Gym douce pour les articulations : trois formats et leurs différences
Toutes les pratiques de gymnastique douce ne sollicitent pas les articulations de la même façon. Comprendre les différences permet de choisir un format adapté à sa situation.
Tai-chi et mobilité globale
Le tai-chi repose sur des enchaînements de mouvements lents et continus, réalisés debout. Il sollicite simultanément les articulations des hanches, des genoux, des chevilles et des épaules. Sa particularité est d’intégrer un travail d’équilibre permanent, ce qui en fait une pratique pertinente pour les seniors exposés au risque de chute.
Pilates et contrôle segmentaire
Le Pilates cible davantage le contrôle précis de chaque segment articulaire. Les exercices au sol permettent de travailler une articulation spécifique (hanche, colonne vertébrale, épaule) en déchargeant le poids du corps. Ce format convient particulièrement aux personnes dont les douleurs articulaires limitent la station debout prolongée.

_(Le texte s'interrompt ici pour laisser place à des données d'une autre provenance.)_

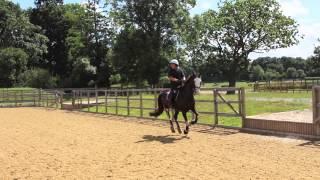 Parwood XC/SJ clinic with Tilly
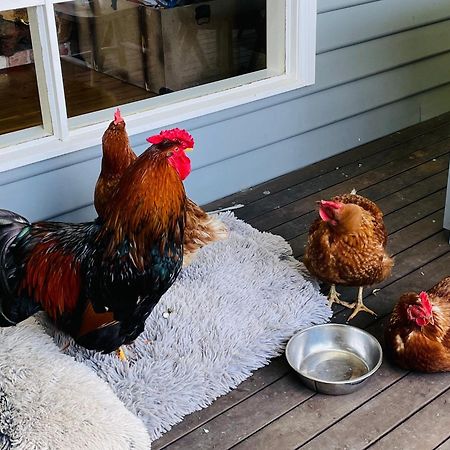Farm Stay Maple Cottage At Wilindi Estate Tyabb Экстерьер фото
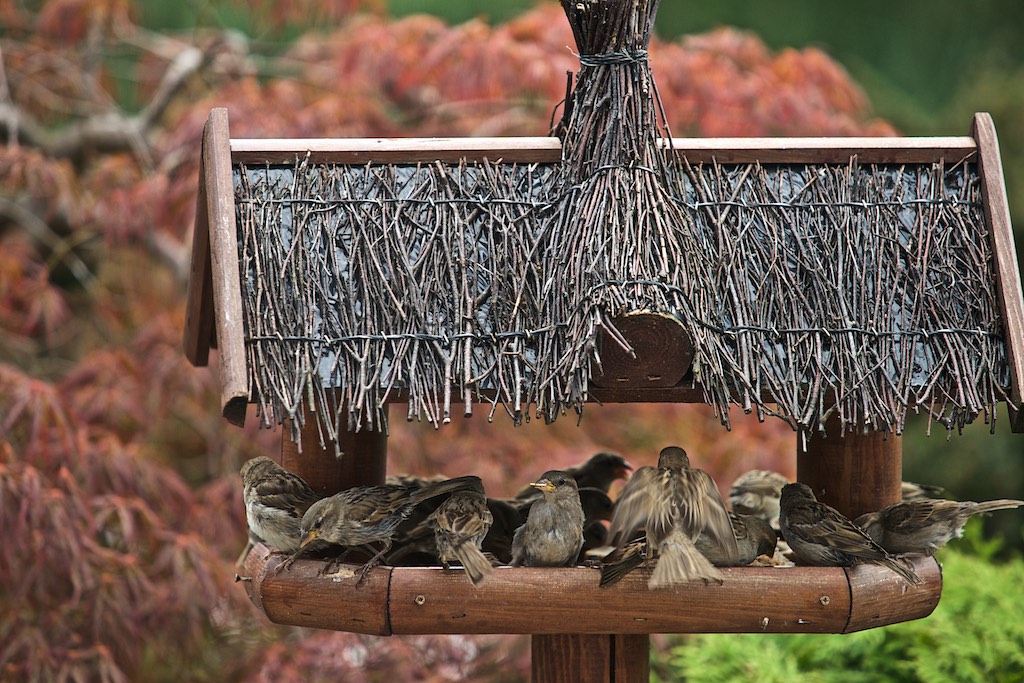 Sparrow Lunch Meeting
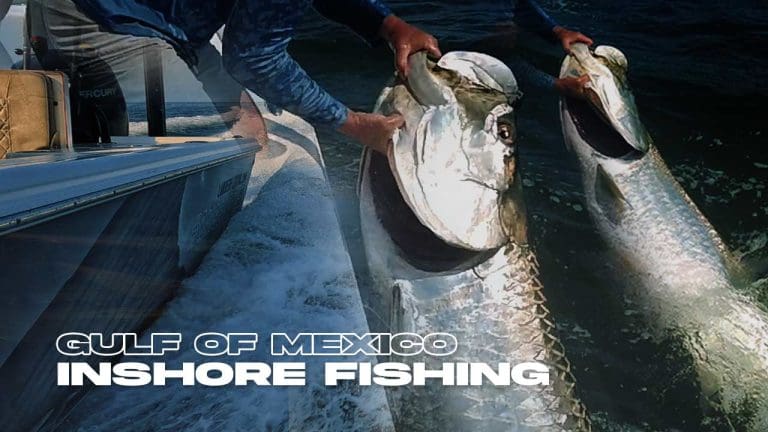 Pesca costeira de água salgada no Golfo do México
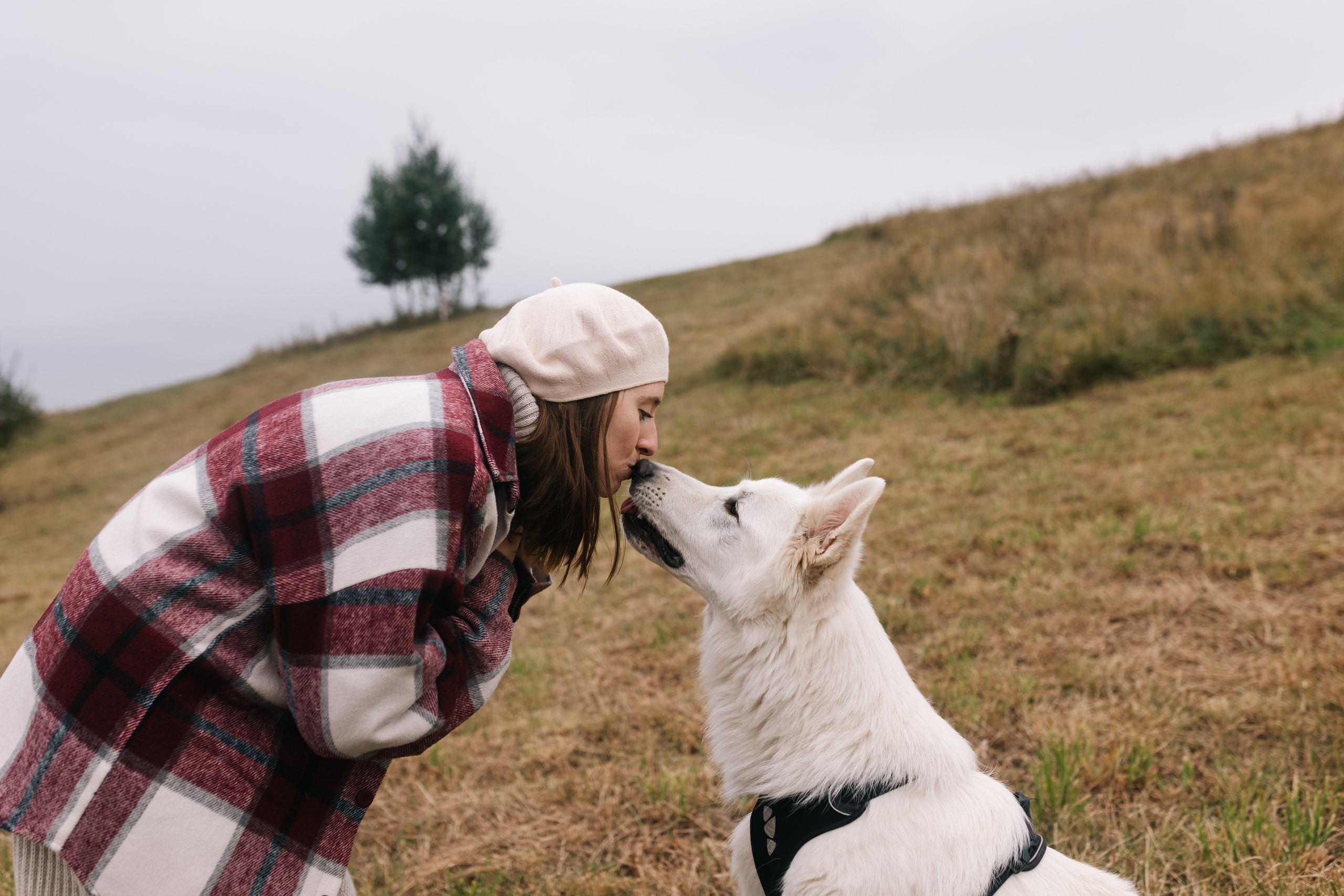 Яна&Миша Lovestory (Свадьба: Это Судьба). Wed Photographers 📷 Saint Petersburg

Exercices sur chaise pour les articulations sensibles
Les exercices sur chaise représentent l’entrée la plus accessible dans la gymnastique douce. Ils éliminent le risque de chute et réduisent la charge sur les genoux et les hanches. Ce format est adapté aux personnes en reprise d’activité après une période d’immobilité ou à celles dont les douleurs au genou rendent la position debout difficile.

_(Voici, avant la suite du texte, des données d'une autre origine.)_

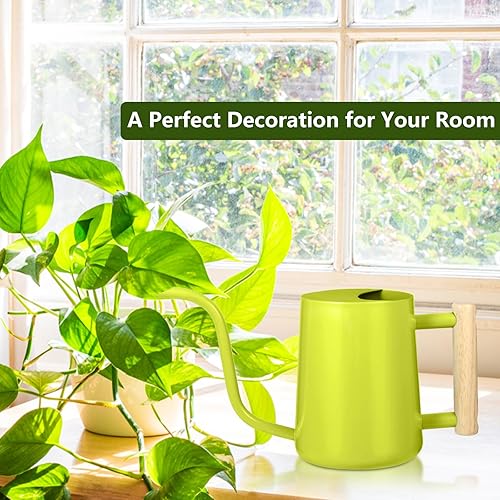 Miniatura 10 de Regadera para plantas de interior, regadera pequeña de 35 onzas, regadera de metal de acero inoxidable, moderna maceta decorativa con boquilla larga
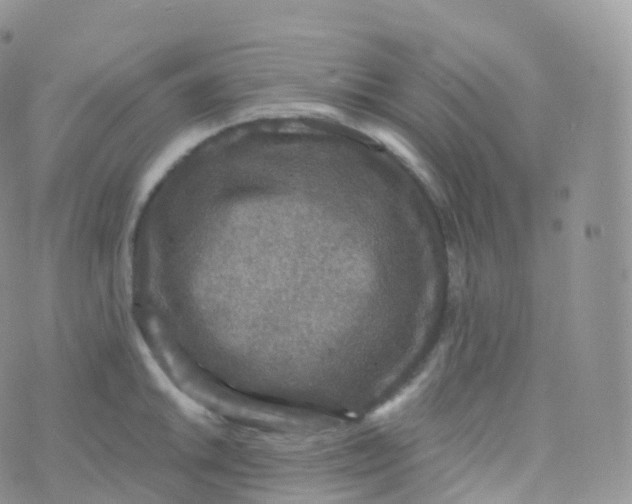 X0000070401046200606302006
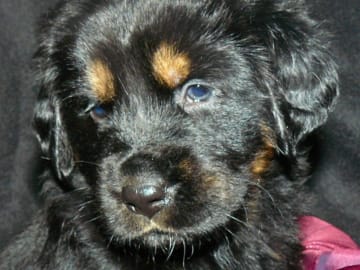 Tibetansk mastiff · Piteå · Gangs'ri Khyi
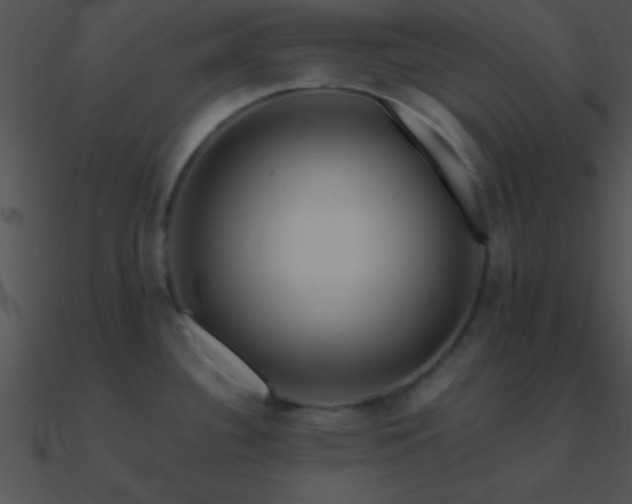 X0000090971340200708021429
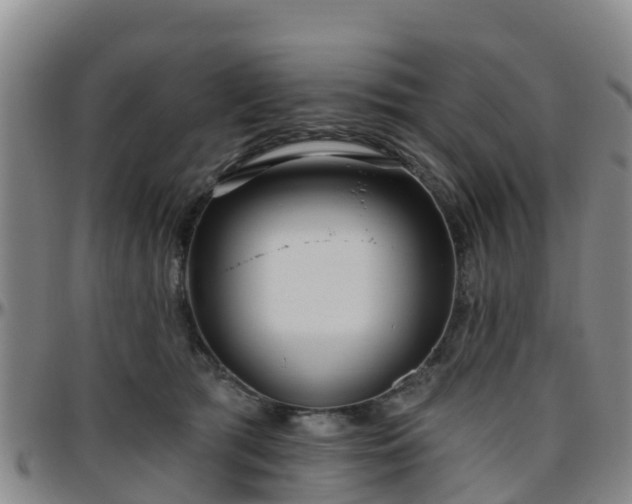 X0000096450417200801311455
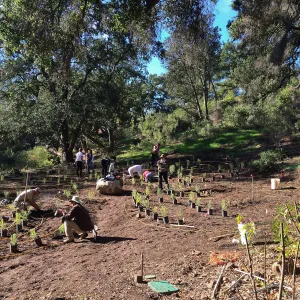 Planting the Maze with Baccharis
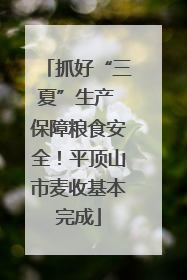 抓好“三夏”生产 保障粮食安全！平顶山市麦收基本完成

- Rotations de chevilles et de poignets pour maintenir l’amplitude articulaire sans charge
- Extensions de genou assis, qui renforcent le quadriceps tout en protégeant le cartilage rotulien
- Rotations d’épaules avec bras le long du corps, utiles pour les articulations gléno-humérales raides
- Flexions-extensions des doigts et des mains, souvent négligées alors que l’arthrose digitale est fréquente

Sport sur ordonnance et prise en charge en France
Depuis 2016, les médecins traitants peuvent prescrire de l’activité physique adaptée (APA) aux patients atteints d’affections de longue durée, dont l’arthrose sévère. Ce cadre légal, renforcé par la loi de 2022, autorise aussi d’autres professionnels de santé à renouveler cette prescription.
La prise en charge financière reste variable. Des expérimentations conduites dans le cadre de l’article 51 de la loi de financement de la Sécurité sociale testent actuellement des forfaits de sport sur ordonnance dans plusieurs régions. Pour les seniors couverts par une mutuelle, certains contrats incluent déjà un forfait dédié à l’activité physique adaptée, qui peut couvrir des séances de gymnastique douce encadrées.

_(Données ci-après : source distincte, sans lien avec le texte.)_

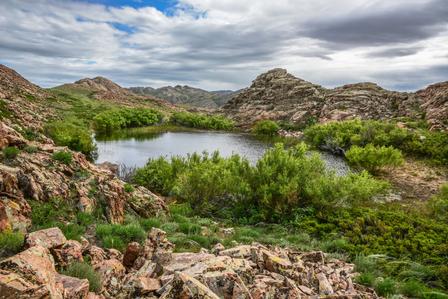 Rocky desert landscape with a green pond, sparse shrubs, and distant hills under a cloudy sky.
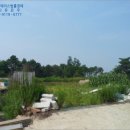 동막동(1) 이미지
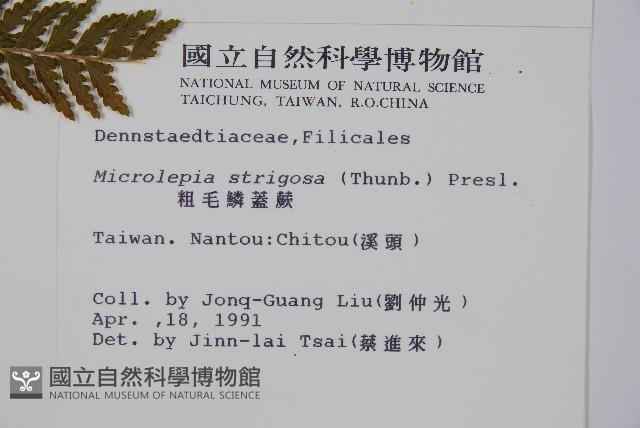 粗毛鱗蓋蕨藏品圖，第5張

Se renseigner auprès de sa mutuelle sur l’existence d’un tel forfait avant de commencer un programme permet d’alléger le coût de séances régulières, un facteur déterminant pour la régularité de la pratique sur plusieurs mois.
Fréquence et progression : éviter les erreurs courantes
La principale erreur consiste à débuter trop intensément. Une articulation raide depuis des mois ne retrouvera pas sa mobilité en deux séances. La progression doit être lente.
- Commencer par deux séances de 15 à 20 minutes par semaine, en ciblant les articulations les plus raides
- Augmenter la durée avant d’augmenter l’amplitude des mouvements
- Ne pas forcer au-delà du seuil de douleur : une gêne modérée est normale, une douleur vive signale une surcharge
L’autre piège fréquent est l’abandon après quelques semaines faute de résultats visibles. Les bénéfices articulaires apparaissent généralement après six à huit semaines de pratique régulière, le temps que le cartilage retrouve une hydratation correcte et que les muscles stabilisateurs se renforcent.
Adapter la gymnastique douce à ses propres articulations, plutôt que suivre un programme générique, reste le levier le plus fiable pour assouplir durablement ses mouvements. Un bilan avec un kinésithérapeute ou un éducateur en activité physique adaptée permet d’identifier les articulations prioritaires et d’ajuster chaque exercice à sa situation réelle.